Montagsspiel ohne Zuschauer

Geisterspiel für Werder laut Mäurer nur „halber Kram“: Bremer Politik fordert DFL zu Absagen auf

Bremen – Die Stadiontore bleiben zu! Wenn Werder Bremen am Montag Bayer Leverkusen im Weserstadion empfängt, sind Zuschauer nicht erlaubt. Doch das ist der Bremer Politik hinsichtlich der Eindämmung der Verbreitung des Coronavirus nicht genug.

Bürgermeister Andreas Bovenschulte und Innensenator Ulrich Mäurer (beide SPD) sprechen sich klar für eine Absage des Spiels von Werder Bremen gegen Bayer Leverkusen und damit auch des ganzen Spieltags in der Fußball-Bundesliga aus.

In einem an Christian Seifert, Geschäftsführer der Deutschen Fußball-Liga adressierten Brief, appelliert Bovenschulte „eindringlich, dass auch die DFL ihrer Verantwortung für Spieler und Fans gerecht wird. Eine zentrale Maßnahme zur Senkung der Infektionsgeschwindigkeit ist der Verzicht, die Absage oder die Verschiebung von Großveranstaltungen.“

Bremer Innensenator Ulrich Mäurer hält Geisterspiel für Werder Bremen für „halben Kram“

Der Bremer Bürgermeister bittet deshalb, „die Spiele an diesem Wochenende grundsätzlich zu verschieben und die Zeit zu nutzen, mit den Fachbehörden des Bundes und der Länder eine einheitliche Linie für die nächsten Spieltage abzustimmen.“

Die Maßnahme, in der Bundesliga Geisterspiele anzusetzen, hält Innensenator Mäurer für „halben Kram“. Auf einer Pressekonferenz am Dienstag erklärte er das Problem, das durch den Zuschauerausschluss entsteht, aus seiner Sicht: „Die Familien werden sicherlich am Montag nicht zum Stadion kommen.

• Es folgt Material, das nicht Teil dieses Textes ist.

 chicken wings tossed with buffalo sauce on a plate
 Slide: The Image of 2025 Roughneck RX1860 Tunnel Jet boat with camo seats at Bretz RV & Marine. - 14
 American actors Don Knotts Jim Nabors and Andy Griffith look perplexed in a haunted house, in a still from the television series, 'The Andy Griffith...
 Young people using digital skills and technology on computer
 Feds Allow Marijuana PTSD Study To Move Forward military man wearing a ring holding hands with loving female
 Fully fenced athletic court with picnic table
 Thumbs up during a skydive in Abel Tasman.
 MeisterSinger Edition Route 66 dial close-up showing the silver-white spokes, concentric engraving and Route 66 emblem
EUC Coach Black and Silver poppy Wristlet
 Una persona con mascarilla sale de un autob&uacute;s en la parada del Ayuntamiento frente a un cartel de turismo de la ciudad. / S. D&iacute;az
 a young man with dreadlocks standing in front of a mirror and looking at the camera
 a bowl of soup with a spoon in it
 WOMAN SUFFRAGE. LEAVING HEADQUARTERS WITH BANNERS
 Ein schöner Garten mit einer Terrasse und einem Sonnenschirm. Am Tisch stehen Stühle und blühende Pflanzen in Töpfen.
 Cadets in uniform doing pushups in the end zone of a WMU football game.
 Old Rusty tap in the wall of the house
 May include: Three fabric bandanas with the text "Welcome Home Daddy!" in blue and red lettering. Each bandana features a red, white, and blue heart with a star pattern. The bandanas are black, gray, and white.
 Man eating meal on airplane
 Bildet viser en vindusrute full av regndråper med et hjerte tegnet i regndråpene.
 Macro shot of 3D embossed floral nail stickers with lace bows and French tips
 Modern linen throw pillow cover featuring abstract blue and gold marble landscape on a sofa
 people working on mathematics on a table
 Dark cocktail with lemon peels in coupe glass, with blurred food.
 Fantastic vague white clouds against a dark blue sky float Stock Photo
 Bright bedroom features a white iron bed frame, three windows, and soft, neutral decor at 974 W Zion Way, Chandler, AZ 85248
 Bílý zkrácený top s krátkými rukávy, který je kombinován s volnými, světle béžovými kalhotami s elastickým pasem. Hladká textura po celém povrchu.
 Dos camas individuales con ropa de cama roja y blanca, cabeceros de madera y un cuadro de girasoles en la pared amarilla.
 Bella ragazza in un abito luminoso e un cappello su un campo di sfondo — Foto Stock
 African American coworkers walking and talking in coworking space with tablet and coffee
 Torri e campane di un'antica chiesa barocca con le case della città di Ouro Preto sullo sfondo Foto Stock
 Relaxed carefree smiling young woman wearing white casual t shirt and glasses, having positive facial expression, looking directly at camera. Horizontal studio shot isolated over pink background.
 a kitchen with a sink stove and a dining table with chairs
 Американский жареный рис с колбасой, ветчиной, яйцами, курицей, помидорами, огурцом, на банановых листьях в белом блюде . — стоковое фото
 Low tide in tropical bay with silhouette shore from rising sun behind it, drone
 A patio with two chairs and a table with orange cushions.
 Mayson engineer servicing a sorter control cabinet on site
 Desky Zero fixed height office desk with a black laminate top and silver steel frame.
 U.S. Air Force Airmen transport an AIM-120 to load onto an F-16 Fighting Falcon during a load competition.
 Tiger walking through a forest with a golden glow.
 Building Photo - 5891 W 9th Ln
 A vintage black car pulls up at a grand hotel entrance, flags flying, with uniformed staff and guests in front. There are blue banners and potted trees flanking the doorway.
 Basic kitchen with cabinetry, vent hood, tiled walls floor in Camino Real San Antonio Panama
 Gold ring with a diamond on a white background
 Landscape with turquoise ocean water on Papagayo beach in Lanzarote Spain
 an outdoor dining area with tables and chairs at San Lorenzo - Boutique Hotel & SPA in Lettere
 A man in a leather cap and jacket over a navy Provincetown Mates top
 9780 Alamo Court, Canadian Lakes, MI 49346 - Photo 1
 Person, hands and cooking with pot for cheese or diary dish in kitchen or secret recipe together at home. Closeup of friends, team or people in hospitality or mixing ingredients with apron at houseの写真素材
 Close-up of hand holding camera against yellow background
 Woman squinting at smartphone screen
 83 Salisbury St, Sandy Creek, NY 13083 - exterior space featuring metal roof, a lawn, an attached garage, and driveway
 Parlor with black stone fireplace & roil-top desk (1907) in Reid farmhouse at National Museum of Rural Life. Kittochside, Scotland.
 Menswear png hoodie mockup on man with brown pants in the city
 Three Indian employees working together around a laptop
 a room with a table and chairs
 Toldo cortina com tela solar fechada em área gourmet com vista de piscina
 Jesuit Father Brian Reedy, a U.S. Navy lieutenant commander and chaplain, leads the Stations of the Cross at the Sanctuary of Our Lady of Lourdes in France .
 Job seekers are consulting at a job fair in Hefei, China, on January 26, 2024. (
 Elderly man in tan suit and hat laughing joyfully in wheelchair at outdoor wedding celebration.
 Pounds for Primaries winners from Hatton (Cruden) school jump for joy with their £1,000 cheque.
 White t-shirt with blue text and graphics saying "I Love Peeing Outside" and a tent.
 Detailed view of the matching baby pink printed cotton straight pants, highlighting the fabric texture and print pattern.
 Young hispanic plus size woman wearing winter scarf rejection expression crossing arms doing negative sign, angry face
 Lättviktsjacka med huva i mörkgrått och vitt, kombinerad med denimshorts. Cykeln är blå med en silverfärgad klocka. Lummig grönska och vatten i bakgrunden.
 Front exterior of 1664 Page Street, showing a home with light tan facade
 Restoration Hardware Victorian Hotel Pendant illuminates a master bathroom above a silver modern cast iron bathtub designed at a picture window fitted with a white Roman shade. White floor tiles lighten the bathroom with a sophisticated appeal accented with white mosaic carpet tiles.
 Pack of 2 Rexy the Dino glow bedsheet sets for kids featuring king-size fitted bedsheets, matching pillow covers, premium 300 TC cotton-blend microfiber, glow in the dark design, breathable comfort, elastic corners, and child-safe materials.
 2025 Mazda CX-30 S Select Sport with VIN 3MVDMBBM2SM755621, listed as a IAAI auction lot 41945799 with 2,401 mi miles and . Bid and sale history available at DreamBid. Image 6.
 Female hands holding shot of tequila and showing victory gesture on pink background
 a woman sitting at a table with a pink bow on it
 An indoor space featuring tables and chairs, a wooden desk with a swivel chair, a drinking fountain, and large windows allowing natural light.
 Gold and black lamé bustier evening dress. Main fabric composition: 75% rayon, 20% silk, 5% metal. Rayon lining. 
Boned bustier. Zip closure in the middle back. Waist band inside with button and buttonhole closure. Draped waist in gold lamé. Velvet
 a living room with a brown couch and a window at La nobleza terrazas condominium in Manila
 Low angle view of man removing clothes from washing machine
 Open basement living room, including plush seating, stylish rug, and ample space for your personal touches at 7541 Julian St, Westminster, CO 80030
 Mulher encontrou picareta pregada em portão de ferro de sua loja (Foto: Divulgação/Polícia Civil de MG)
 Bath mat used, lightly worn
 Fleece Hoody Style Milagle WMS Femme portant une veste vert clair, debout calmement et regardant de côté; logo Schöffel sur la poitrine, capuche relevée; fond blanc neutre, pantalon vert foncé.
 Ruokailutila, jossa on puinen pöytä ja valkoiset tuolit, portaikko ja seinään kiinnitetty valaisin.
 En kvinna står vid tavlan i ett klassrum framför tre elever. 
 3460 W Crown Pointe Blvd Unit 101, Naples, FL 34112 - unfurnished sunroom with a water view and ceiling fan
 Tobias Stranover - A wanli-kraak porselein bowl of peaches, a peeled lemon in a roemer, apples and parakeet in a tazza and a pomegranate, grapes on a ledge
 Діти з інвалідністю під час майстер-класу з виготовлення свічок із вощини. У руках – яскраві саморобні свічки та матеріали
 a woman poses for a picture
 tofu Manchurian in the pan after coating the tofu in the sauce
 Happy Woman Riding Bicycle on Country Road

Aber es gibt einen Teil der Fan-Szene, von dem erwarte ich, dass er kommen wird.“ 

Ulrich Mäurer will mit Werder Bremen über eine Spielabsage diskutieren

Und um den müsse sich dann eben doch die Polizei kümmern – erst recht, weil auch eine Fan-Ansammlung vor dem Stadion gegen die zur Eindämmung der Verbreitung des Coronavirus erlassenen Verfügung verstößt. Laut ab Donnerstag gültiger Regel sind schon Veranstaltungen mit 250 Personen anmelde- und genehmigungspflichtig. Heißt wohl: die Polizei würde eine Fan-Ansammlung vor dem Stadion – beispielsweise um den Teambus bei Ankunft zu beklatschen – nicht zulassen. Genaueres konnte Mäurer dazu aber noch nicht sagen. 

„Wir treffen keine Entscheidung im luftleeren Raum, sondern stehen in ständigem Kontakt zu Werder Bremen und werden uns jetzt zusammensetzen, um gemeinsam mit der Polizei das Vorgehen zu besprechen. Noch haben wir keine Erfahrungen, was uns vor dem Stadion erwarten könnte. Wir müssen aber Polizeikräfte zur Verfügung stellen.“ Er werde mit Werder auch die Möglichkeit einer Spielabsage diskutieren.

Werder Bremen: Innensenator Ulrich Mäurer attackiert DFL erneut 

Mäurer erinnert – wie Bovenschulte – an die „gesamtgesellschaftliche Verantwortung“ der DFL. Der Profi-Fußball müsse sich als möglicher Multiplikator der Virus-Verbreitung für einige Wochen komplett und selbst aus dem Spiel nehmen, fordert der Innensenator. Die DFL will dagegen die Saison im Mai zu Ende bringen. 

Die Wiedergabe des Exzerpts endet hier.